Doucette admits she doesn’t know how much interest queer women will have in a women’s-only sex party not aimed at leatherdykes.

“I’m just doing what I want to see,” she says. You know that old customer service rule about not being your own customer? she asks. “I tossed that out the window!”

Doucette is hoping this is just the first of many WETs to come. She’d like to make it a regular event. If it really catches on, she might even try to convince a local gay bathhouse to rent her its space for a night, like the Pussy Palace did in Toronto (minus the police and liquor board harassment).

So far, Doucette hasn’t caught any whiff of hostility or even squeamishness from local licensing officials or the police. And Video In, accustomed to hosting BIO’s dungeon parties, hasn’t expressed any reservations, either.

If WET takes off, do you think it could change the face of lesbian sexuality in Vancouver? I ask.
“I desperately hope so,” Doucette replies.

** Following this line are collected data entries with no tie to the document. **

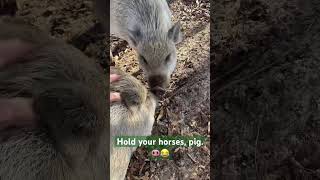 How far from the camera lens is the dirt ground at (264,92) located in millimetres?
2363

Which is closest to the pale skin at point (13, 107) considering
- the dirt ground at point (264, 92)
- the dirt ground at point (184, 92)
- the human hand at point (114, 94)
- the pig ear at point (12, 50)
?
the pig ear at point (12, 50)

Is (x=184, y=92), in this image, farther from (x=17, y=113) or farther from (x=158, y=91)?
(x=17, y=113)

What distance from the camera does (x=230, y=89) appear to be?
2426mm

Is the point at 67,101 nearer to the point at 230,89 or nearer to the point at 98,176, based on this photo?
the point at 98,176

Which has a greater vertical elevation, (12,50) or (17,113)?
(12,50)

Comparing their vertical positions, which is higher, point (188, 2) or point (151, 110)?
point (188, 2)

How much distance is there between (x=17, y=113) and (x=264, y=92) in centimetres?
132

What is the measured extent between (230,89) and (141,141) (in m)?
0.56

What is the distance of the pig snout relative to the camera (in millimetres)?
2182

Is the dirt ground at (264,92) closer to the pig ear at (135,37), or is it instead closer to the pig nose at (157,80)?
the pig nose at (157,80)

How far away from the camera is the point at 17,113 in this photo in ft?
4.95

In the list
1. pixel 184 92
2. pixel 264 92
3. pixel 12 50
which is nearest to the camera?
pixel 12 50

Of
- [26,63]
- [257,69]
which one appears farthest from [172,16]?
[26,63]

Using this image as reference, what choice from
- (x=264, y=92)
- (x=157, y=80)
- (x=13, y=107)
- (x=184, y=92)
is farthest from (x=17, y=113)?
(x=264, y=92)
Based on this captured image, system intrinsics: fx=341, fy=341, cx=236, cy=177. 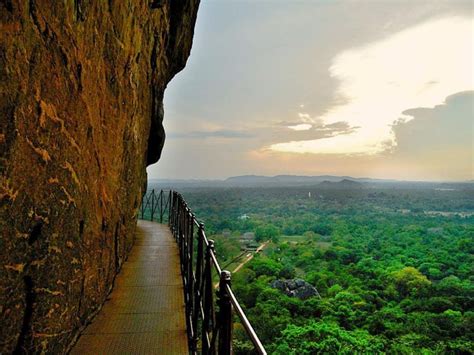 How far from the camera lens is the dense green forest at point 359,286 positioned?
28.4m

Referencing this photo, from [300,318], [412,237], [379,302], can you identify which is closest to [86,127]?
[300,318]

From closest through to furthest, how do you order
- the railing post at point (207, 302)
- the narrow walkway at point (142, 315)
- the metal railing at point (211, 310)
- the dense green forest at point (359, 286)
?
the metal railing at point (211, 310)
the railing post at point (207, 302)
the narrow walkway at point (142, 315)
the dense green forest at point (359, 286)

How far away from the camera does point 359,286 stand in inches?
1762

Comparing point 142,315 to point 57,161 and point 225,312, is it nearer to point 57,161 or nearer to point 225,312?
point 57,161

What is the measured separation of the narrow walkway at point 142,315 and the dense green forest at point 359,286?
22.1 metres

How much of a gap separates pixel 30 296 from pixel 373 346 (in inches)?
1214

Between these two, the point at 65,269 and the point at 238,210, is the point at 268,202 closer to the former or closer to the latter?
the point at 238,210

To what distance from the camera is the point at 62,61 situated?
9.48 ft

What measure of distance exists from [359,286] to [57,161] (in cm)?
4770

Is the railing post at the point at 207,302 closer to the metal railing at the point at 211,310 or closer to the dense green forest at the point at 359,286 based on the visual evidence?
the metal railing at the point at 211,310

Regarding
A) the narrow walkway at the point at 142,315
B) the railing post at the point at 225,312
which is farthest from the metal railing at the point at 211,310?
the narrow walkway at the point at 142,315

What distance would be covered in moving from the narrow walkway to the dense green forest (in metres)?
22.1

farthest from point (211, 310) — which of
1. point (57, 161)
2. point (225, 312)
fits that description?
point (57, 161)

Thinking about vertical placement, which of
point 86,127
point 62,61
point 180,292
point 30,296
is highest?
point 62,61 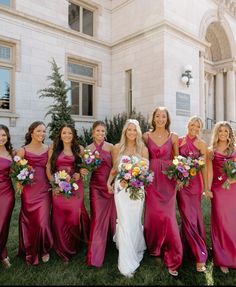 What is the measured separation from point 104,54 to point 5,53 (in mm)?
5196

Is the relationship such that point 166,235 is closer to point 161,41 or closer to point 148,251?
point 148,251

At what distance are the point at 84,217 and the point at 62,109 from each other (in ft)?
22.7

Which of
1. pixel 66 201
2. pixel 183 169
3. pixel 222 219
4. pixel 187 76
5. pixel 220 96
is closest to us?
→ pixel 183 169

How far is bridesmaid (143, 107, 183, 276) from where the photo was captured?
4.11 m

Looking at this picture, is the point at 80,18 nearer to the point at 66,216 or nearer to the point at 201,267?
the point at 66,216

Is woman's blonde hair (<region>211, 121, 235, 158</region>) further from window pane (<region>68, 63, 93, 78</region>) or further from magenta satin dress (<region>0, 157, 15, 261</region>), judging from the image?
window pane (<region>68, 63, 93, 78</region>)

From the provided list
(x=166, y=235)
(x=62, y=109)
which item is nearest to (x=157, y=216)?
(x=166, y=235)

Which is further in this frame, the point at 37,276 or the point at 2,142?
the point at 2,142

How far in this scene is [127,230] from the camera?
13.0 ft

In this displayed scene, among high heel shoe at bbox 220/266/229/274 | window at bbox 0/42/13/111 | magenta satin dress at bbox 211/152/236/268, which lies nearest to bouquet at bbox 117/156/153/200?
magenta satin dress at bbox 211/152/236/268

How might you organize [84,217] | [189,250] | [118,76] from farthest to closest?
[118,76] → [84,217] → [189,250]

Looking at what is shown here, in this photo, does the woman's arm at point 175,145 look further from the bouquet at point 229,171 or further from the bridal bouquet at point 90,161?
the bridal bouquet at point 90,161

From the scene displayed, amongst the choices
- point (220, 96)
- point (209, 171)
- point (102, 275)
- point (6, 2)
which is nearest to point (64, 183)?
point (102, 275)

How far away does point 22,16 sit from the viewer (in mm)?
11953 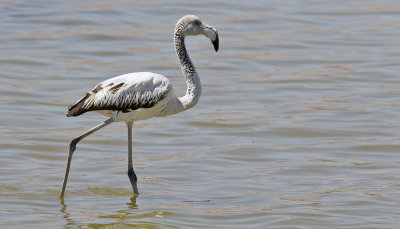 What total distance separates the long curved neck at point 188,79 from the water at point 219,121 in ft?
3.22

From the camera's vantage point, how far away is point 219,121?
13.2 meters

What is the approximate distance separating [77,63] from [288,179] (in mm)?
6877

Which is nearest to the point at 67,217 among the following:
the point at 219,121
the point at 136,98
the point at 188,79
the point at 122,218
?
the point at 122,218

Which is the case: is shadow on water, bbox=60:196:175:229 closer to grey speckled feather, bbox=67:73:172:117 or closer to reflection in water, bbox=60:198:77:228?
reflection in water, bbox=60:198:77:228

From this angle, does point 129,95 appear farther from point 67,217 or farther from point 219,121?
point 219,121

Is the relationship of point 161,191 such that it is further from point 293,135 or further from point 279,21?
point 279,21

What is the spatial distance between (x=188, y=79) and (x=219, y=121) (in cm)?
340

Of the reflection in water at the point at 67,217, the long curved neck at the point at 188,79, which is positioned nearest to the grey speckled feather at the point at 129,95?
the long curved neck at the point at 188,79

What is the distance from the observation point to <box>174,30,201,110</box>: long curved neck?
9.82m

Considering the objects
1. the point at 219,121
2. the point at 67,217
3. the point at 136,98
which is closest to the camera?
the point at 67,217

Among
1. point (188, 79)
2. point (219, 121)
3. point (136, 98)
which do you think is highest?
point (188, 79)

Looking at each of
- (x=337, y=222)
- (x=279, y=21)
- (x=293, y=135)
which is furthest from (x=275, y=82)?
(x=337, y=222)

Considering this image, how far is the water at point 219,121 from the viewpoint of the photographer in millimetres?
9547

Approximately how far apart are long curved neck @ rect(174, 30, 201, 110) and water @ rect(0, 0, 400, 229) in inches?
38.6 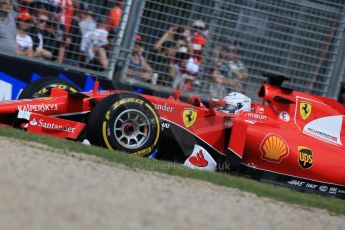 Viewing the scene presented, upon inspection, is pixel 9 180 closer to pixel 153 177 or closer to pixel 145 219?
pixel 145 219

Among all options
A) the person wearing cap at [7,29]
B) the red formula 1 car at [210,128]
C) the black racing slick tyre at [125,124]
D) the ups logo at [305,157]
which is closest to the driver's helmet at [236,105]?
the red formula 1 car at [210,128]

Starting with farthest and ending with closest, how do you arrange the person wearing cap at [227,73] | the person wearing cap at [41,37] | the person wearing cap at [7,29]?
the person wearing cap at [227,73] → the person wearing cap at [41,37] → the person wearing cap at [7,29]

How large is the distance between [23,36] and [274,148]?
171 inches

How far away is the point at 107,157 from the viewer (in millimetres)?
6656

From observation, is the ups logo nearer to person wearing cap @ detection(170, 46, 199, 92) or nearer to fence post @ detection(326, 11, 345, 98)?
person wearing cap @ detection(170, 46, 199, 92)

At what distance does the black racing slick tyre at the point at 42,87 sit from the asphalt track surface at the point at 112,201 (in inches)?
74.9

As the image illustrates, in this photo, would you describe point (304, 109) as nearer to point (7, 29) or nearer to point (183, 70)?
point (183, 70)

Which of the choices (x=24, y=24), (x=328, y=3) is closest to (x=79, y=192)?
(x=24, y=24)

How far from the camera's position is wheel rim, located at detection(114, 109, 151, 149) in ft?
24.5

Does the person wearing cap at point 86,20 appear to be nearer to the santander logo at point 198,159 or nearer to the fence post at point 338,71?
the santander logo at point 198,159

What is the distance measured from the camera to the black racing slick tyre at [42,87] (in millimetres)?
8477

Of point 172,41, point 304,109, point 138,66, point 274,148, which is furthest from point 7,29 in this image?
point 304,109

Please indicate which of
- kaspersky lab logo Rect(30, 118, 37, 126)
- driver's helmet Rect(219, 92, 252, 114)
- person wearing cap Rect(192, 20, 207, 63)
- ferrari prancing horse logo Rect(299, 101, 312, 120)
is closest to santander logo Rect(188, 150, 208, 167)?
driver's helmet Rect(219, 92, 252, 114)

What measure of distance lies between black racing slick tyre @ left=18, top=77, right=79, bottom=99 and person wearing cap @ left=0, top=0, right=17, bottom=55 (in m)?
1.54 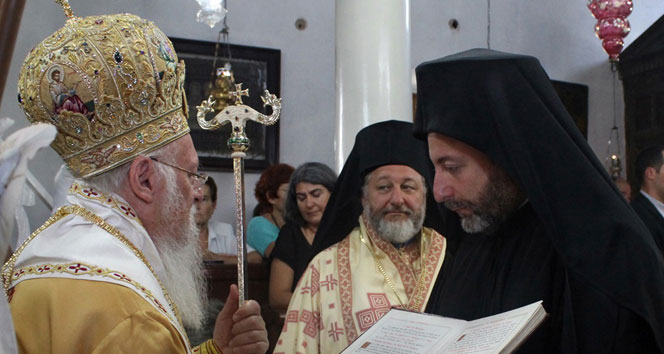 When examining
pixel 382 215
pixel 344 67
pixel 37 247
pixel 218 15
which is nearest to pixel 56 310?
pixel 37 247

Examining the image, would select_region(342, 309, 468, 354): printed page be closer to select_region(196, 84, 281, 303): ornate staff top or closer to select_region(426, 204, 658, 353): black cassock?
select_region(426, 204, 658, 353): black cassock

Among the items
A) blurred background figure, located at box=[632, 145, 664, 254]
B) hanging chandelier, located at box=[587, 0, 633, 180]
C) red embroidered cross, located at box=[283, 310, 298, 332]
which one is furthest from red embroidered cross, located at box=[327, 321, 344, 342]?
hanging chandelier, located at box=[587, 0, 633, 180]

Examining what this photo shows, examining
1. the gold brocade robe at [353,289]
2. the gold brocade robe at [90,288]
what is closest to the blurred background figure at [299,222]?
the gold brocade robe at [353,289]

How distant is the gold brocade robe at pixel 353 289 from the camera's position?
3.20 m

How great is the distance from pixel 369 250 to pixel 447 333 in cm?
162

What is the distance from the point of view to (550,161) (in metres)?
1.94

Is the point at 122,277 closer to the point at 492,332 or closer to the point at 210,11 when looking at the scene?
the point at 492,332

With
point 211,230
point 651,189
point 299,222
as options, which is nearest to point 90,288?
point 299,222

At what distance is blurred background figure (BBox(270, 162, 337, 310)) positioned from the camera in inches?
183

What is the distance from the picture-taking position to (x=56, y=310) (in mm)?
1712

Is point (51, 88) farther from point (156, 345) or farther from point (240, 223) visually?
point (156, 345)

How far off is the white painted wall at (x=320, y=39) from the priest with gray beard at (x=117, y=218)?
170 inches

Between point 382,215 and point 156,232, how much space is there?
4.89 ft

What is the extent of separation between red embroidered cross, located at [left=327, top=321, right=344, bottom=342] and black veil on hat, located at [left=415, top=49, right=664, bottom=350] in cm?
121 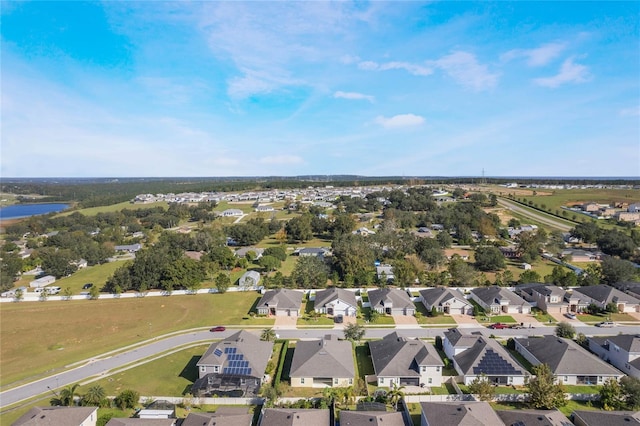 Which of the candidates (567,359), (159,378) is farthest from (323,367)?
(567,359)

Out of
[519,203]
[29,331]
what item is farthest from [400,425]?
[519,203]

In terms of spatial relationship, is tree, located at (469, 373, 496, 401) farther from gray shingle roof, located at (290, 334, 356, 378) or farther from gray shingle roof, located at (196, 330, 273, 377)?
gray shingle roof, located at (196, 330, 273, 377)

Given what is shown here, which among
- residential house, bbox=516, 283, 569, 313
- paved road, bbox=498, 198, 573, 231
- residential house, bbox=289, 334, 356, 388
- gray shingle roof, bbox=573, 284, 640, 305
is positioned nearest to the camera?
residential house, bbox=289, 334, 356, 388

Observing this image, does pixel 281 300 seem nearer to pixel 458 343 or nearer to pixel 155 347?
pixel 155 347

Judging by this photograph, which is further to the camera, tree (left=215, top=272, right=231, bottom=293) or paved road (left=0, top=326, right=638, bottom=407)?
tree (left=215, top=272, right=231, bottom=293)

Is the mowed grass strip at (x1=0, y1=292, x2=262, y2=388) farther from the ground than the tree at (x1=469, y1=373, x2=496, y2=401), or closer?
closer

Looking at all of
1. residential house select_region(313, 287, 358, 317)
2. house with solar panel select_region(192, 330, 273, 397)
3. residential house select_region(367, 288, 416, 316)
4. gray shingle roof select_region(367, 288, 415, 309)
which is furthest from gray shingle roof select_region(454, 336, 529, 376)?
house with solar panel select_region(192, 330, 273, 397)

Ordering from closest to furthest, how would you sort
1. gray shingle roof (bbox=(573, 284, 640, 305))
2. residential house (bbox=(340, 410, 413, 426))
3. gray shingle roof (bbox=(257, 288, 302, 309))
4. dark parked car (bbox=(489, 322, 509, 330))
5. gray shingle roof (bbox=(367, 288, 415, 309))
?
residential house (bbox=(340, 410, 413, 426)) < dark parked car (bbox=(489, 322, 509, 330)) < gray shingle roof (bbox=(573, 284, 640, 305)) < gray shingle roof (bbox=(367, 288, 415, 309)) < gray shingle roof (bbox=(257, 288, 302, 309))
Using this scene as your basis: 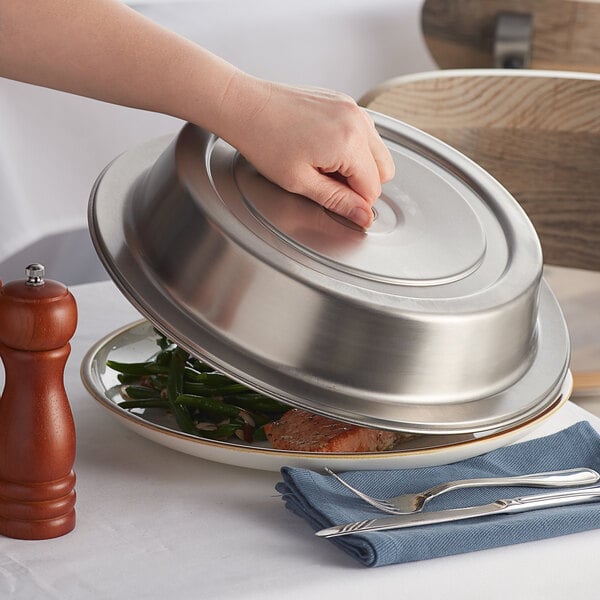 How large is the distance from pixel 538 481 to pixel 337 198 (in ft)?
1.14

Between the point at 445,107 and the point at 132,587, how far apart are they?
128 cm

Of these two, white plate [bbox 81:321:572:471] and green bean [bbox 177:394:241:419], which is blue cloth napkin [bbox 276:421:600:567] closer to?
white plate [bbox 81:321:572:471]

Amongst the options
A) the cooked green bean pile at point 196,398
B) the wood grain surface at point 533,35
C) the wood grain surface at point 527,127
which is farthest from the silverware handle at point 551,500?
the wood grain surface at point 533,35

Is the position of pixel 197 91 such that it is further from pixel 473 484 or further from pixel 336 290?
pixel 473 484

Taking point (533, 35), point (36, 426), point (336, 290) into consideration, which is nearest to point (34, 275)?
point (36, 426)

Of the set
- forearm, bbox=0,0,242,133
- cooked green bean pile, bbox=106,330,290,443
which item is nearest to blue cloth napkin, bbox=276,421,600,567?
cooked green bean pile, bbox=106,330,290,443

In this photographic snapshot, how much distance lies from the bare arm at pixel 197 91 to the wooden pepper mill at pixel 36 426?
26 cm

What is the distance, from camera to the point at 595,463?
103cm

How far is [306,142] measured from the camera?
104 centimetres

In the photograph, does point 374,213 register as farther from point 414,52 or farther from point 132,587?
point 414,52

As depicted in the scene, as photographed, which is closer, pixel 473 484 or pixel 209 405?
pixel 473 484

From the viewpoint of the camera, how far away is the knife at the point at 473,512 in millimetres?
851

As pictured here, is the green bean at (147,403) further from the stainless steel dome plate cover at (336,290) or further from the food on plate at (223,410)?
the stainless steel dome plate cover at (336,290)

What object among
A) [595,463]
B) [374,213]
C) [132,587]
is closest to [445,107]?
[374,213] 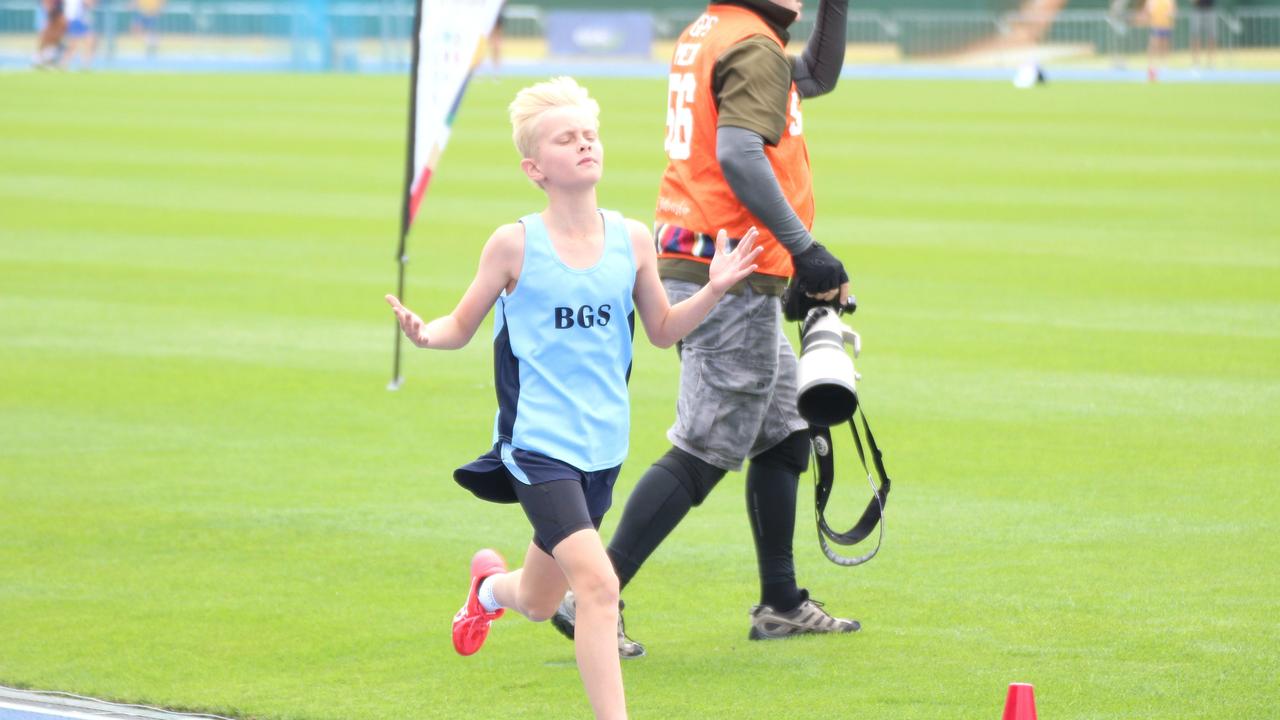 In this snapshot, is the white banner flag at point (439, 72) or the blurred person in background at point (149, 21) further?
the blurred person in background at point (149, 21)

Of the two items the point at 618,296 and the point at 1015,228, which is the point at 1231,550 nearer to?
the point at 618,296

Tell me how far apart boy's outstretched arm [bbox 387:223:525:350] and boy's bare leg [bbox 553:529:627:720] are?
2.01 feet

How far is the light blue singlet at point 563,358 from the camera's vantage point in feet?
16.6

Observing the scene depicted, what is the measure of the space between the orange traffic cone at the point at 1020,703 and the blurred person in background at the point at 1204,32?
3923 cm

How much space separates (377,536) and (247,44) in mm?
42542

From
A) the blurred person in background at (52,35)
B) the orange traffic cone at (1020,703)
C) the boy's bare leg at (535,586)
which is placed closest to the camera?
the orange traffic cone at (1020,703)

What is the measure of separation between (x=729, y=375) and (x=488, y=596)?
3.31 feet

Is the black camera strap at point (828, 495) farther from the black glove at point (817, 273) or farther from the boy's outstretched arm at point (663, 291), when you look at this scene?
the boy's outstretched arm at point (663, 291)

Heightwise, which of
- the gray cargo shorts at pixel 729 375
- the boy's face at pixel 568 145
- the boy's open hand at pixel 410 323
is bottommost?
the gray cargo shorts at pixel 729 375

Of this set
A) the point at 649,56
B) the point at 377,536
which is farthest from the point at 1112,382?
the point at 649,56

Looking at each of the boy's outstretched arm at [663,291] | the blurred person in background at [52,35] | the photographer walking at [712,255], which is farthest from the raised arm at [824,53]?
the blurred person in background at [52,35]

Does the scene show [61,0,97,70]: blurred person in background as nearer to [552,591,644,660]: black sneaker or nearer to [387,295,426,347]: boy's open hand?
[552,591,644,660]: black sneaker

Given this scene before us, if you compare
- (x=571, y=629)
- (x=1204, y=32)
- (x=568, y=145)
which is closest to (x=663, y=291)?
(x=568, y=145)

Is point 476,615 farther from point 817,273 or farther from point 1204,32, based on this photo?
point 1204,32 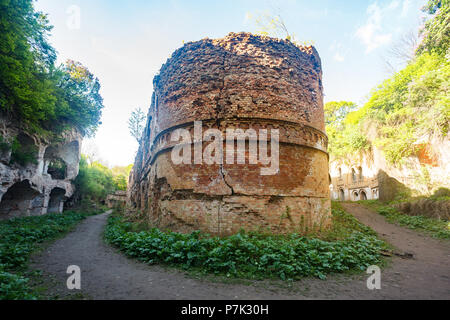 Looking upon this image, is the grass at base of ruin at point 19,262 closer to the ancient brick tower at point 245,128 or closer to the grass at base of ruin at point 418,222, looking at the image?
the ancient brick tower at point 245,128

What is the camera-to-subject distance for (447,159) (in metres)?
12.8

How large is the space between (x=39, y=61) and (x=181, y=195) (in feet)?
43.6

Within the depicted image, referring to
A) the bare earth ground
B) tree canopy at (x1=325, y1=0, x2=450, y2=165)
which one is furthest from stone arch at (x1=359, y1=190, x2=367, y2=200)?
the bare earth ground

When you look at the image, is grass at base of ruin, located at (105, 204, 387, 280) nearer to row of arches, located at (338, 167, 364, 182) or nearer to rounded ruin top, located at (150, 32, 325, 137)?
rounded ruin top, located at (150, 32, 325, 137)

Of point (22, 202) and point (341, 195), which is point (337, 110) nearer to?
point (341, 195)

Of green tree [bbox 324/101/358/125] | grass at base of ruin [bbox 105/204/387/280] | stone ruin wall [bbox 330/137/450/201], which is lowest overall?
grass at base of ruin [bbox 105/204/387/280]

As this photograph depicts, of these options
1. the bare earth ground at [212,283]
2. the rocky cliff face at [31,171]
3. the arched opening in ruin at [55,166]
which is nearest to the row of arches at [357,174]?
the bare earth ground at [212,283]

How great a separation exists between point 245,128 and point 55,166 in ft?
65.1

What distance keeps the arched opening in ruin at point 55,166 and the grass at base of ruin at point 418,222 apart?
961 inches

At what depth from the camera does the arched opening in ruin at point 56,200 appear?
61.1ft

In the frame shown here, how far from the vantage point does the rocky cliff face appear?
11.2m

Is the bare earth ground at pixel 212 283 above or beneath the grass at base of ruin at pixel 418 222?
beneath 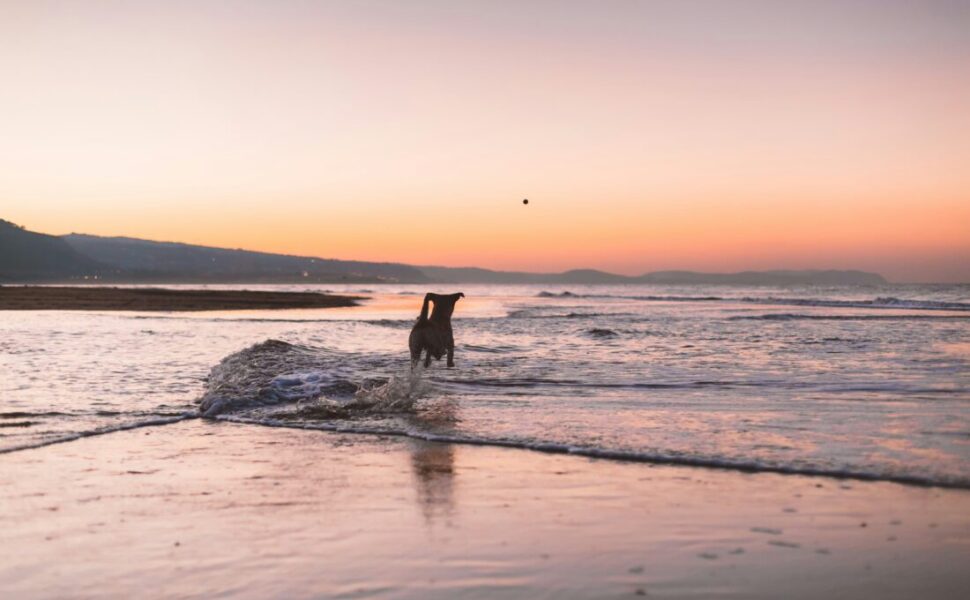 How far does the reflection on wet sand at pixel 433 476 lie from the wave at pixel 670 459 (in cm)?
39

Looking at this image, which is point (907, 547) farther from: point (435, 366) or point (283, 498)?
point (435, 366)

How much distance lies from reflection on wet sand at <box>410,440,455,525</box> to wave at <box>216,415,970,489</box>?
0.39m

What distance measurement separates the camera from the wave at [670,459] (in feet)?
20.1

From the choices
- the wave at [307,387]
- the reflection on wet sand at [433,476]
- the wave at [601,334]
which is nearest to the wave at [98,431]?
the wave at [307,387]

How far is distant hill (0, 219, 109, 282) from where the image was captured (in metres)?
175

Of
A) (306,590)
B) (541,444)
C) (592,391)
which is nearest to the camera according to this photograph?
(306,590)

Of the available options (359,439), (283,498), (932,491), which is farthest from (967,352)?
(283,498)

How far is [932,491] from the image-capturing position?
581cm

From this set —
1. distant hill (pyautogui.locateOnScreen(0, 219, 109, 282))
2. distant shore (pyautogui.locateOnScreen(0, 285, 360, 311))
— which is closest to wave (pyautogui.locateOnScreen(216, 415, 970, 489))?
distant shore (pyautogui.locateOnScreen(0, 285, 360, 311))

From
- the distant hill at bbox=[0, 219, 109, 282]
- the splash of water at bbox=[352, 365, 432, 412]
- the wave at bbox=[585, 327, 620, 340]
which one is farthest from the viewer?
the distant hill at bbox=[0, 219, 109, 282]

What if women who wouldn’t normally feel like they belong at a sex party come to WET and discover a sexual space where they feel welcome? she reflects. What if they just come here and sit and watch the first time, then come back for a massage the second time, then come back for more the time after that?

It’s a “ready-made space” for women to get comfortable and relish being wet and explicitly sexual with other women, to “shed all the constraints, the should-haves, the need-to-bes” and just enjoy themselves, Doucette concludes. “I believe it’s groundbreaking.”